Given an array of antennae with a given specific layout, compute the complex coefficients with which to multiply each individual signal before adding them together so that the combined signal has unit gain in a specific direction, the so-called look direction, and the smallest average gain possible outside a certain neighborhood of the look direction.
The specific problem whose solution is shown above involved a hexagonally shaped hexagonal lattice, a look direction that is 40 degrees off bore sight (which is straight up), and the requirement to minimize the response at all angles 20 degrees or more away from the look direction. The large lobe is aligned along the look direction. The plot is in decibels vs direction. The peak of the main lobe corresponds to 0 dB. Each color band (green, blue, red, etc.) corresponds to a 10 dB reduction in signal strength. To see the AMPL file that was used to generate the surface shown above, click here.

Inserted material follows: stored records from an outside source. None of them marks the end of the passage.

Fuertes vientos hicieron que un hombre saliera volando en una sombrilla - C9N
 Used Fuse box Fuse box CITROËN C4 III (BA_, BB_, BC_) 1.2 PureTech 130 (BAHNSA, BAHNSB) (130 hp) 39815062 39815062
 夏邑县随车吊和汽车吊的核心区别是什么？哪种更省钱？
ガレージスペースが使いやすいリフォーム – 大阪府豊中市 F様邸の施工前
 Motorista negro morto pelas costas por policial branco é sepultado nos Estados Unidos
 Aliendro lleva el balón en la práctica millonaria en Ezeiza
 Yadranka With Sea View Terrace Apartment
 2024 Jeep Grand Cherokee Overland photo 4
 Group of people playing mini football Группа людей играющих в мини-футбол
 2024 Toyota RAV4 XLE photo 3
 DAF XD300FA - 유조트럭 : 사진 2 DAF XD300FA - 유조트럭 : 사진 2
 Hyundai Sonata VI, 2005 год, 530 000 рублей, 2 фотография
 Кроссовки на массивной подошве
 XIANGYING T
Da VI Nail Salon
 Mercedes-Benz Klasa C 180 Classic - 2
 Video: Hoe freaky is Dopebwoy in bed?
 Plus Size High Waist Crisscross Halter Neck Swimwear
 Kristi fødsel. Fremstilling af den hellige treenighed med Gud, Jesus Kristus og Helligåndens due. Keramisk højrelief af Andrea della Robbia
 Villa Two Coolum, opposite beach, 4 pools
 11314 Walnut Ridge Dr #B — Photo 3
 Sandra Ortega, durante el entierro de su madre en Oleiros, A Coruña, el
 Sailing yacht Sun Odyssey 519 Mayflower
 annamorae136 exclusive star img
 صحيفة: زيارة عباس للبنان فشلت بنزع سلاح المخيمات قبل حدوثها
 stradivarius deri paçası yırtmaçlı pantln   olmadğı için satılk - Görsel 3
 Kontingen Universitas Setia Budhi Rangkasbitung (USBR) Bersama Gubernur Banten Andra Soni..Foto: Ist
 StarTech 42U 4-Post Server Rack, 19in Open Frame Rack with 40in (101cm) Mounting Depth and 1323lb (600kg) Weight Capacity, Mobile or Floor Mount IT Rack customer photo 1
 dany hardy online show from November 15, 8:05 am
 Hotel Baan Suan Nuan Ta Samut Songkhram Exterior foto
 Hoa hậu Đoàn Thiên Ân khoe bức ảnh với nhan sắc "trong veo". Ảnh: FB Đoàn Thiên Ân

LOQO was used to compute the response surface shown above. To get a better feel for the surface, set it in motion by dragging and releasing the globe. The problem is described in detail in: J. O. Coleman and R. J. Vanderbei, `` Random-Process Formulation of Computationally Efficient Performance Measures for Wideband Arrays in the Far Field,'' Proc. 1999 Midwest Symp. on Circuits and Systems, Las Cruces, NM, August 1999.